There are two constants in life: people dying and people moving away. When either of these things happen, or, in rare cases, both, a yard/estate sale is born. As an opportunist and an avid collector of cheap oddities, I am always on the lookout for a good yard sale. 

Right now,  my phone’s notes app is full of addresses, dates, and times I’ve copied down from the yard sale signs I’ve seen while driving around. Sometimes I’m unlucky and miss an opportunity to strike gold at some dead guy’s 30-bedroom mansion on the lake, but other times, I have the perfect amount of time to go spelunking in suburbia. 

The key to a good yard sale is naivety. You want a seller who has never sold anything before in their entire life and has too much pride to ask other people for help. When you run across that kind of estate sale, you’ve gotta hit the nearest ATM faster than they can put down their last yard sign. 

Your luck is always statistically low, but the closer you have your ear to the ground and the more often you throw yourself at every yard sale, the higher the chance you have of finding some irreplaceable garment or object you would’ve never found anywhere else. 

Some of my favorite baubles include a cream-colored fur jacket I got from two very interesting Polish women (one of them was a retired professional ballroom dancer… I could go on all day about that estate sale), some carpet bucket hats, 1920’s Vogue adverts, a porcelain Cocker Spaniel, and antique crystal candle holders. 

In every one of those cases, I walked away having only paid 30 bucks or less.

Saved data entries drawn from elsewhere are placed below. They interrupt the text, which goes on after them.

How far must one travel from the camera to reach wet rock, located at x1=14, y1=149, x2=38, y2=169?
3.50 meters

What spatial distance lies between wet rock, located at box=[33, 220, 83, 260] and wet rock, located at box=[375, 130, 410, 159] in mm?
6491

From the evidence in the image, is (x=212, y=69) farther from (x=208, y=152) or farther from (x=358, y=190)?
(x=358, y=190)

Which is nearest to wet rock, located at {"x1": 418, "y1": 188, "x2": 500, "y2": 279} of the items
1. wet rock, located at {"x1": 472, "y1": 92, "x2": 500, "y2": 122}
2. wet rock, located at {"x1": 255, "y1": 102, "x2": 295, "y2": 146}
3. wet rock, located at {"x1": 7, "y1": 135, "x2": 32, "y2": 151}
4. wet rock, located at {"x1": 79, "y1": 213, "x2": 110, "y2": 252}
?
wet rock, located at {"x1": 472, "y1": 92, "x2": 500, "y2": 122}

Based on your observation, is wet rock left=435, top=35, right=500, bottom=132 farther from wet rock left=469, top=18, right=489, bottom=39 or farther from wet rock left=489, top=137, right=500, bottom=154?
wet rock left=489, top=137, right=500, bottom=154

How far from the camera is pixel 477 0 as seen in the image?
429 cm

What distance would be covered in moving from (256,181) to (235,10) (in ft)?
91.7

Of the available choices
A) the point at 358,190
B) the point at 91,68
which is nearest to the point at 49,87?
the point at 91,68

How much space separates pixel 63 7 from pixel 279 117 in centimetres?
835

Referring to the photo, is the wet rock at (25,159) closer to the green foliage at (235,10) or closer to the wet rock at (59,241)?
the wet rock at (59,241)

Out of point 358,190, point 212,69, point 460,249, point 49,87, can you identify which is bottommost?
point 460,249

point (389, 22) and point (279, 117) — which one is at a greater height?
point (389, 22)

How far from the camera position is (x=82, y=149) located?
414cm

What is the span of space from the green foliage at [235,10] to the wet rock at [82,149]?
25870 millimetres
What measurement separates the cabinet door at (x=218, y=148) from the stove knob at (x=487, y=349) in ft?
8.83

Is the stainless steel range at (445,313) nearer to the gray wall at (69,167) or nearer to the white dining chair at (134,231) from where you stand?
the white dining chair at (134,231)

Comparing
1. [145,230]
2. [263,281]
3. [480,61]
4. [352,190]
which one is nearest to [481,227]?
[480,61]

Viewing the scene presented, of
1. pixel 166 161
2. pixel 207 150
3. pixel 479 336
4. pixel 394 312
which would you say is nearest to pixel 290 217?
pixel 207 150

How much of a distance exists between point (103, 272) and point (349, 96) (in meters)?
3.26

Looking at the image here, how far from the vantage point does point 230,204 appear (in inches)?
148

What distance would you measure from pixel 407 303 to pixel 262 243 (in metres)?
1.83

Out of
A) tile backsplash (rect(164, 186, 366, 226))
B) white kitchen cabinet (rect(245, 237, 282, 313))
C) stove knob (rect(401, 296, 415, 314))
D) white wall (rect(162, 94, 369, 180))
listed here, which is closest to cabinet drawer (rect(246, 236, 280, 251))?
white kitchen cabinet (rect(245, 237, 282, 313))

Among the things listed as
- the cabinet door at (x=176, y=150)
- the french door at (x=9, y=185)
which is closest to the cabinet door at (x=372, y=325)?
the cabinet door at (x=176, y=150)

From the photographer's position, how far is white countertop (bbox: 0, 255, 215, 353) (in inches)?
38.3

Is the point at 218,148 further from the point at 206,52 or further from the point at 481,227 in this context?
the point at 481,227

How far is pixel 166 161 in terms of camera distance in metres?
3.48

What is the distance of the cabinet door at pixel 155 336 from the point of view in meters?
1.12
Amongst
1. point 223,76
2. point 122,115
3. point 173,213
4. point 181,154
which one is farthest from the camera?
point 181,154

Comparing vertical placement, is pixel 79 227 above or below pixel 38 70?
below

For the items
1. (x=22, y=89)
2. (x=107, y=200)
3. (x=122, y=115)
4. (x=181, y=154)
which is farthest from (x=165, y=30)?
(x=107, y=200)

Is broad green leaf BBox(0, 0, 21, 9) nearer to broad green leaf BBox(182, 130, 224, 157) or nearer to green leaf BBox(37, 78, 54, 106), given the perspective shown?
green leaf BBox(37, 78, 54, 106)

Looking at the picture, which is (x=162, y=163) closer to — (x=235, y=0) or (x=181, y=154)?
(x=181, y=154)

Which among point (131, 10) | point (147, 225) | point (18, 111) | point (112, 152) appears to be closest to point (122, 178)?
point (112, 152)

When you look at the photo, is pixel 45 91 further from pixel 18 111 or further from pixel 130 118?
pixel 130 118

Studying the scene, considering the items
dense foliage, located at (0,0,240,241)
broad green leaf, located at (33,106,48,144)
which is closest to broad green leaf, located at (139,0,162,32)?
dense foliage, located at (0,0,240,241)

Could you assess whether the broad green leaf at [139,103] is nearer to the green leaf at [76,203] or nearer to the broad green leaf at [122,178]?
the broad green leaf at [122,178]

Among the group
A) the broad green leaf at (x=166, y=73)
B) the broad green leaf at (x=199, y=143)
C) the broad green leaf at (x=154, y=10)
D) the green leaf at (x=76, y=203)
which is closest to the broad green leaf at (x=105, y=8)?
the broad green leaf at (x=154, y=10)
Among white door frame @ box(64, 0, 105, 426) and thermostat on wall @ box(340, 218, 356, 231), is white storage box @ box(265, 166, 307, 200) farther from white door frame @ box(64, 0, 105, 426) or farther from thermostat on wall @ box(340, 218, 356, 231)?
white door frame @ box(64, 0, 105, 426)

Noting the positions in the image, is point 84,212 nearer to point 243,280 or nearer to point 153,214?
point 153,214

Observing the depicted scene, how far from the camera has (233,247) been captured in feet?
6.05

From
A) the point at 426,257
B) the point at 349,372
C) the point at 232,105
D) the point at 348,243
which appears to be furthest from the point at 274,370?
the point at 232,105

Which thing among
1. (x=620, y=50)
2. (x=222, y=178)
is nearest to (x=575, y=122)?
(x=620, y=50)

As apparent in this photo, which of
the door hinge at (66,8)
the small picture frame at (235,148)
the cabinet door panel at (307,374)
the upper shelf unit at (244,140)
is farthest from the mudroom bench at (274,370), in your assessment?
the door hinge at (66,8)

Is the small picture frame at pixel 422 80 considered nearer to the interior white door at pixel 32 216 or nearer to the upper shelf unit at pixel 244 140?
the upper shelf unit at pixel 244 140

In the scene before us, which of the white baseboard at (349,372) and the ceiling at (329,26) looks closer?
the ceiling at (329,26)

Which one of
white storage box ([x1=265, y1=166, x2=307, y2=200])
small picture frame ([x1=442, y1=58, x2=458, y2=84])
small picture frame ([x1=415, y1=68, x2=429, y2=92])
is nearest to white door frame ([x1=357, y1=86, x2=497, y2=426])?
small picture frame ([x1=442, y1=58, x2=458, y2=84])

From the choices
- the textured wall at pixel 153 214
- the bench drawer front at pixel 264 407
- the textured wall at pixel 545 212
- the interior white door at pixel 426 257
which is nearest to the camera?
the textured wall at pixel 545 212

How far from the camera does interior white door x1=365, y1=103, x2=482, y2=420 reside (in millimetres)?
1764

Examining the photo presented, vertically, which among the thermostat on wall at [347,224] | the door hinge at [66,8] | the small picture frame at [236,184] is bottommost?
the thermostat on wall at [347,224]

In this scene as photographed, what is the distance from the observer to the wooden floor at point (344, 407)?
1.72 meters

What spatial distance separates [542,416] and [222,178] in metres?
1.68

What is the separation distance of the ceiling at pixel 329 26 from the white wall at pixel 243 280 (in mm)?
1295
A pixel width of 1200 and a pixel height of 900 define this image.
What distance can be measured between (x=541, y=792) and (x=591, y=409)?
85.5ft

In a world full of hundreds of thousands of sellers and factories constantly churning out new products, I think it’s important that we remember that just because someone has died or left that doesn’t mean everything they owned left with them. We as a society need to get more use out of our stuff and get rid of the stigma that it’s cheap to reuse old things. 

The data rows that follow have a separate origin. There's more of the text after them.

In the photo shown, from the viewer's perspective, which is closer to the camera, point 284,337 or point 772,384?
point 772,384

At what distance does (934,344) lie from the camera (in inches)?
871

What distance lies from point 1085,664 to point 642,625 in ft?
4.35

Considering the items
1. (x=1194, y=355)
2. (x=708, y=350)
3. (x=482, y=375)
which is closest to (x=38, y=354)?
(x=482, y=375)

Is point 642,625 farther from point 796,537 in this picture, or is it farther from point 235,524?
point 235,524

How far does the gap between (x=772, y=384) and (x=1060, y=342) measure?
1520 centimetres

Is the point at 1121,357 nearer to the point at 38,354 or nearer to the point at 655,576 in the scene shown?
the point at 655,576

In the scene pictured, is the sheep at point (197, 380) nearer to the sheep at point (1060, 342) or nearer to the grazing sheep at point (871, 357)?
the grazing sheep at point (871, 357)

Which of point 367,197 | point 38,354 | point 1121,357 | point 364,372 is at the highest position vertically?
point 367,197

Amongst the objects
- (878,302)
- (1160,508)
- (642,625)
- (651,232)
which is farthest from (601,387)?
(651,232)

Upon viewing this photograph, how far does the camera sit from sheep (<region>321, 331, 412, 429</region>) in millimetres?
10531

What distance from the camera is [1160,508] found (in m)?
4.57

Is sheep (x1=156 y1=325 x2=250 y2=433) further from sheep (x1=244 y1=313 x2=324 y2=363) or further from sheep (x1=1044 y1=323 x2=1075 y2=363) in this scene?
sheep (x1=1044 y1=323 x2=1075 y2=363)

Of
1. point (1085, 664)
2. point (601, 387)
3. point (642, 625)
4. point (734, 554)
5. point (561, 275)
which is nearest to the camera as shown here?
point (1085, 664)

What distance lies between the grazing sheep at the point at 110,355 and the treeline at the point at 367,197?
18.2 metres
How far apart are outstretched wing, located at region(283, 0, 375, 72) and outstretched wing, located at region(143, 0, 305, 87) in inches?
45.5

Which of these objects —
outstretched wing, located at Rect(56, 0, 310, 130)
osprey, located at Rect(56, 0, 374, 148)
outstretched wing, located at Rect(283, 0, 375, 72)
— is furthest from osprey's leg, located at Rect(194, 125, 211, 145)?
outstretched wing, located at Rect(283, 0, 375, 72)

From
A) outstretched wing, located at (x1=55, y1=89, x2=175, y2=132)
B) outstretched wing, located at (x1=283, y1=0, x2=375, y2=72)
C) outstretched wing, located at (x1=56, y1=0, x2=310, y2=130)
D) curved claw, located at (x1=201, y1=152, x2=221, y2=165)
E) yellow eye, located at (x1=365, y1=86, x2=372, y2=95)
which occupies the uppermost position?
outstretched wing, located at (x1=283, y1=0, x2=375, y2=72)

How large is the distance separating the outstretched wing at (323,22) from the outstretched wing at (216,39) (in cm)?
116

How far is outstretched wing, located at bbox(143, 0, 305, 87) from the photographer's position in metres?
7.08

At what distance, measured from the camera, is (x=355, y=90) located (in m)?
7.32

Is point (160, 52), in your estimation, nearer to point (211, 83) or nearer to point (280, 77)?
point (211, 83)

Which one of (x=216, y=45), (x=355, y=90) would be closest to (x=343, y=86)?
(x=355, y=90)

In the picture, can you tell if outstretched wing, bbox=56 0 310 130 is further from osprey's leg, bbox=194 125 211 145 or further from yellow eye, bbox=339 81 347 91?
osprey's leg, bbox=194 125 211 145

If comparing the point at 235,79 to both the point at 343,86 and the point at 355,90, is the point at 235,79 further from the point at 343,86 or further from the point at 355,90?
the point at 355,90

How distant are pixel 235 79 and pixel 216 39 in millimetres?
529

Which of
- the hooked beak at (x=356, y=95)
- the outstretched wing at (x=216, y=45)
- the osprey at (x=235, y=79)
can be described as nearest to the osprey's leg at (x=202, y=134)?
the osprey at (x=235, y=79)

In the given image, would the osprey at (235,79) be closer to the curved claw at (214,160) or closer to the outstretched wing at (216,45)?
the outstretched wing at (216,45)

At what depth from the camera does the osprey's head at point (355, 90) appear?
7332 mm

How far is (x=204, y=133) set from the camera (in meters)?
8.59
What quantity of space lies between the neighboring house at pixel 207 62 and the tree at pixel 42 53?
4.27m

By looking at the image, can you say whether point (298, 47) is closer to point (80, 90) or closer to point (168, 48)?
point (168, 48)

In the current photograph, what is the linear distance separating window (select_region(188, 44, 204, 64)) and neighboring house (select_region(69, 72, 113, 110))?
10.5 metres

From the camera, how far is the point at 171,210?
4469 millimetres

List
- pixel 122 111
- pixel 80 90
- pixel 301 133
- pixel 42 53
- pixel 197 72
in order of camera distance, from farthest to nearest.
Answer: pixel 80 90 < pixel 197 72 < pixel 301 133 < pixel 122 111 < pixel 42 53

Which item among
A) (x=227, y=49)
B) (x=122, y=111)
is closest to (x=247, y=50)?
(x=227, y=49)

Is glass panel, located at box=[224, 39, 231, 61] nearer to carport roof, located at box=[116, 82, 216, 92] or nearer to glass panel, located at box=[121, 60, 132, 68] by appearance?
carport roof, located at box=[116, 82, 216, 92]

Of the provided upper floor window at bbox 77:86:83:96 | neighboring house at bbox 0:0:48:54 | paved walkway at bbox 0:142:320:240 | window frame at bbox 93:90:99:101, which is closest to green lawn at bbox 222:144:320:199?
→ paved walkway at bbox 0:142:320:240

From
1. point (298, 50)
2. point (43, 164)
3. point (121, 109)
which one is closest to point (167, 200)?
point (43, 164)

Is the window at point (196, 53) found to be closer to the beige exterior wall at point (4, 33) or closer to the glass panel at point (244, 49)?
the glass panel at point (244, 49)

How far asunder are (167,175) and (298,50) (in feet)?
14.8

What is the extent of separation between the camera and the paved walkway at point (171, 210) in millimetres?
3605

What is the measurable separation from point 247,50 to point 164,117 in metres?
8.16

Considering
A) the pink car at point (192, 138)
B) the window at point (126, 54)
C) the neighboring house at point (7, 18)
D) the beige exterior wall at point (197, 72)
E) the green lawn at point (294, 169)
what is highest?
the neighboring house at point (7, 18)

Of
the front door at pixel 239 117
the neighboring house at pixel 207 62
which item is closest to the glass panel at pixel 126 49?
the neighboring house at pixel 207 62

I implore you to, while you’re driving to your soccer practice or to your friend’s house or to Starbucks, keep an eye out for yard sale signs. I know we live in Lake Forest and that most of you are wealthy enough to buy everything you wear or own new, but what that stuff lacks is character. The clothes and tchotchkes you buy at a yard sale have lived multiple lives and give you the chance to carry on someone else’s legacy. If that angle doesn’t appeal to you, it could at least make for a fun story! So get out there and start hunting– you never know what you’ll find!